Records from a data collection:
= = = = =

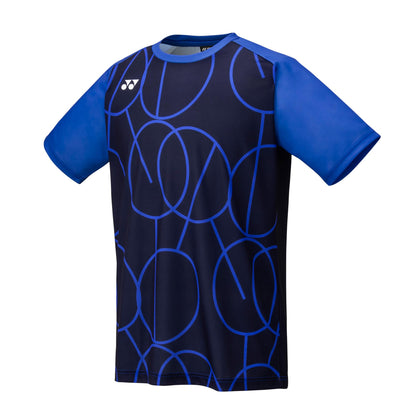 YONEX UNI T-SHIRT # 16742EX DARK NAVY 2XL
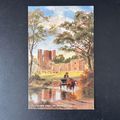 KENILWORTH CASTLE Unposted S. africa address Wa...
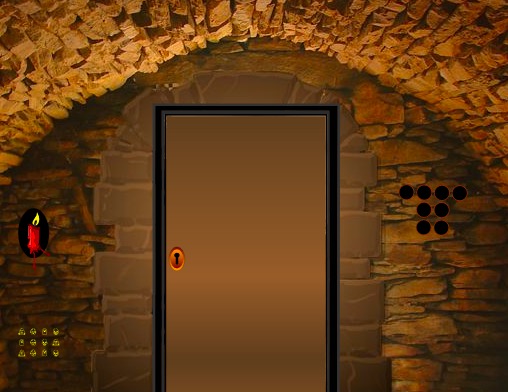 Games2rule Stone Skull Cave Escape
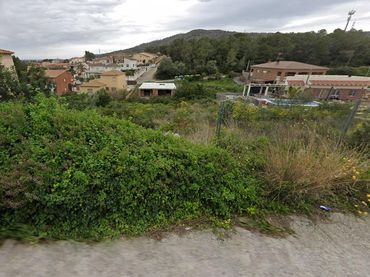 Terreny residencial en venda a Mas Borràs - Coto del Rey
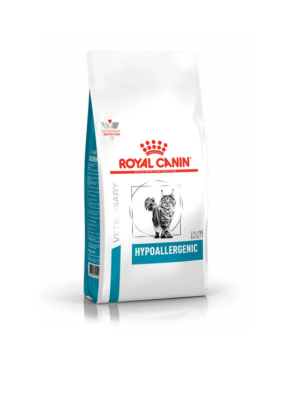 Royal Canin Hypoallergenic Kedi Maması 2,5 KG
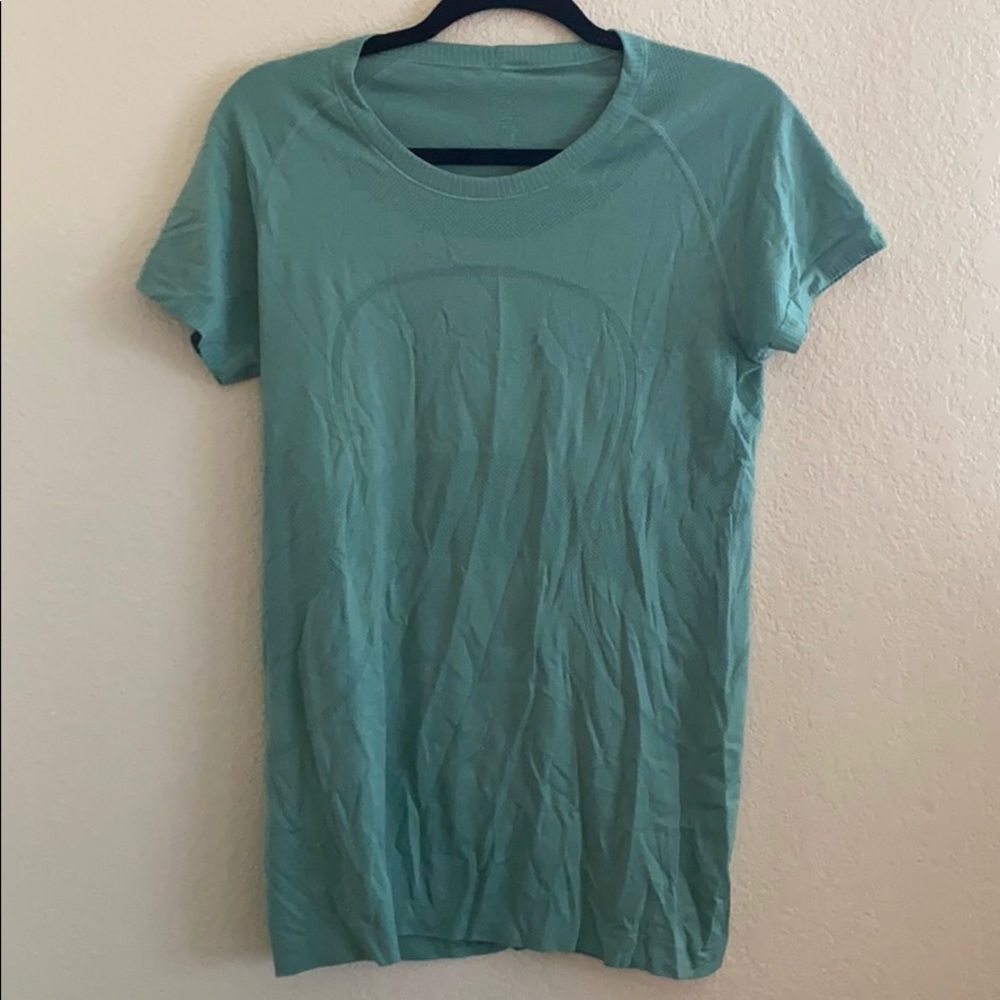 Lululemon Swiftly Tech Short Sleeve Top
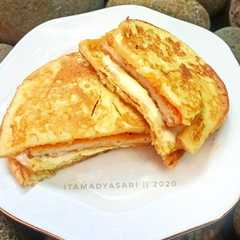 รูปของ French toast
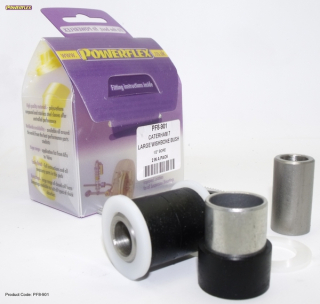 Silentbloky Powerflex Caterham 7 (DeDion With Watts Linkage) Large Lower Wishbone Bush 1/2 Bore (1)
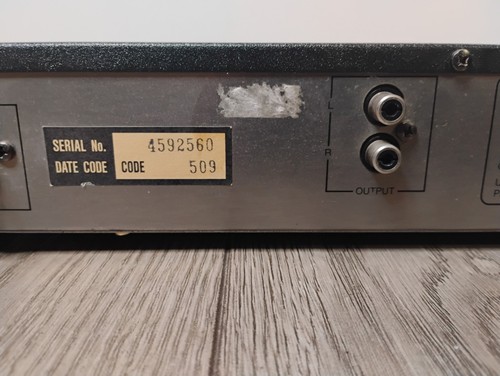 MCS Series 3050 Quartz Synthesized Stereo Tuner funktioniert super sauber ohne Antenne - Bild 7 von 10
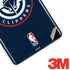 NBA Los Angeles Clippers Distressed Blue Galaxy Note 8 Skin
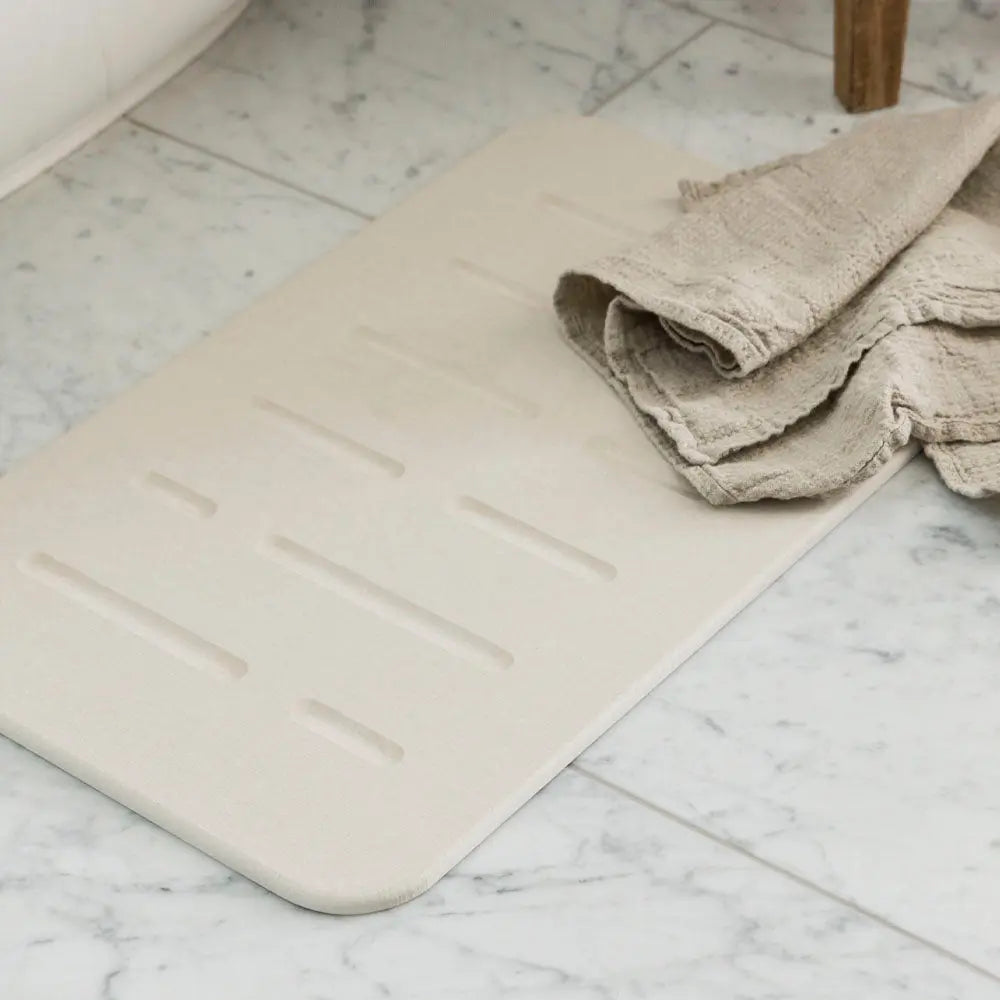 Bath Stone™ Mat - Rain 2-Pack by Dorai Home | Quick-Drying Home Essentials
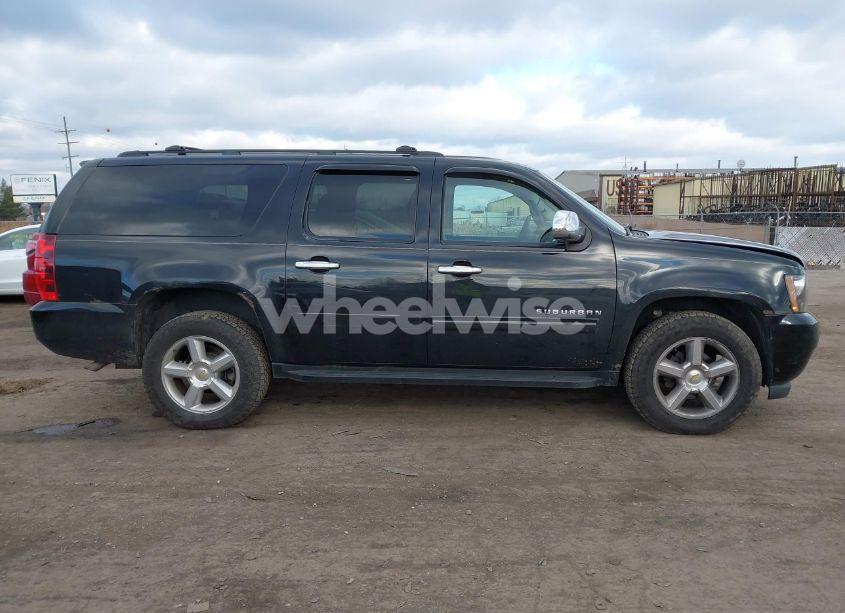 Photo 14 of 2011 Chevrolet Suburban 1500 LT1 (VIN 1GNSKJE30BR219235)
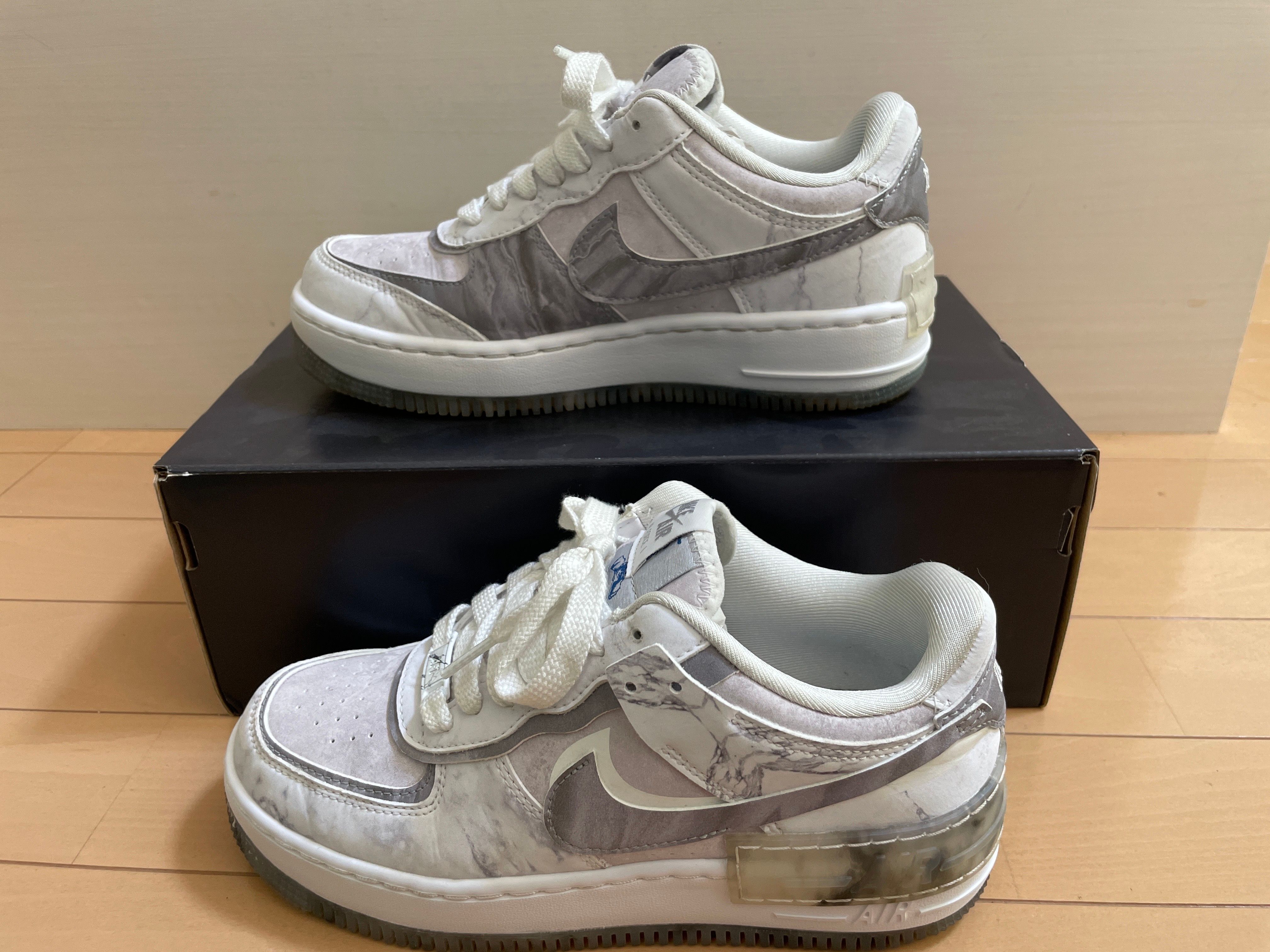 Nike Women's Air Force 1 Low Shadow "Made You Look"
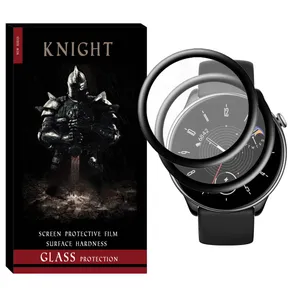 Knight NKT Nano Screen Protector For Amazfit GTR Mini Pack of 2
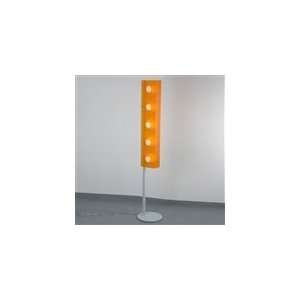  Hampstead Lighting   50087  SEDRA/LT5 FLOOR LAMP
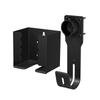 Wall-Mounted SAE J1772 Car Charger Holder & Hook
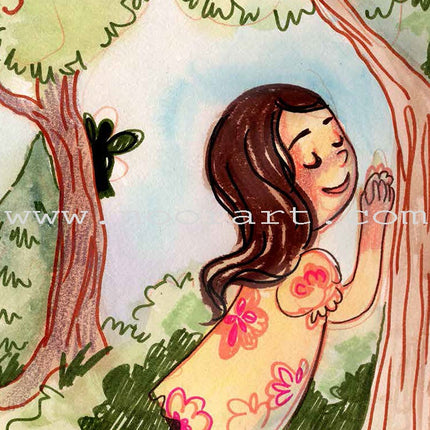 Woodland Fairies: Helping and Having Fun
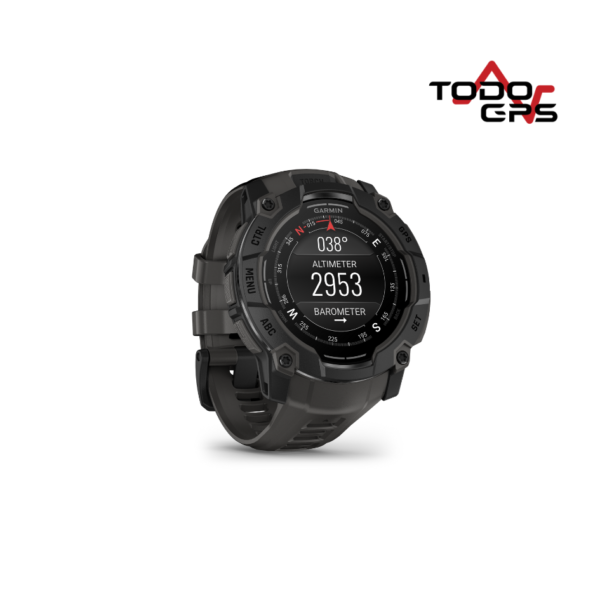 Garmin Instinct 3 – 50 mm, AMOLED - Image 4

= = = = =

#### [Exercise description]
Would you write out every record word for word, leaving no picture in?

#### [Task answer]
 YONEX UNI T-SHIRT # 16742EX DARK NAVY 2XL
 KENILWORTH CASTLE Unposted S. africa address Wa...
 Games2rule Stone Skull Cave Escape
 Terreny residencial en venda a Mas Borràs - Coto del Rey
 Royal Canin Hypoallergenic Kedi Maması 2,5 KG
 Lululemon Swiftly Tech Short Sleeve Top
 รูปของ French toast
 Silentbloky Powerflex Caterham 7 (DeDion With Watts Linkage) Large Lower Wishbone Bush 1/2 Bore (1)
 MCS Series 3050 Quartz Synthesized Stereo Tuner funktioniert super sauber ohne Antenne - Bild 7 von 10
 NBA Los Angeles Clippers Distressed Blue Galaxy Note 8 Skin
 Bath Stone™ Mat - Rain 2-Pack by Dorai Home | Quick-Drying Home Essentials
 Photo 14 of 2011 Chevrolet Suburban 1500 LT1 (VIN 1GNSKJE30BR219235)
 Nike Women's Air Force 1 Low Shadow "Made You Look"
 Knight NKT Nano Screen Protector For Amazfit GTR Mini Pack of 2
  Hampstead Lighting   50087  SEDRA/LT5 FLOOR LAMP
 Wall-Mounted SAE J1772 Car Charger Holder & Hook
 Woodland Fairies: Helping and Having Fun
 Garmin Instinct 3 – 50 mm, AMOLED - Image 4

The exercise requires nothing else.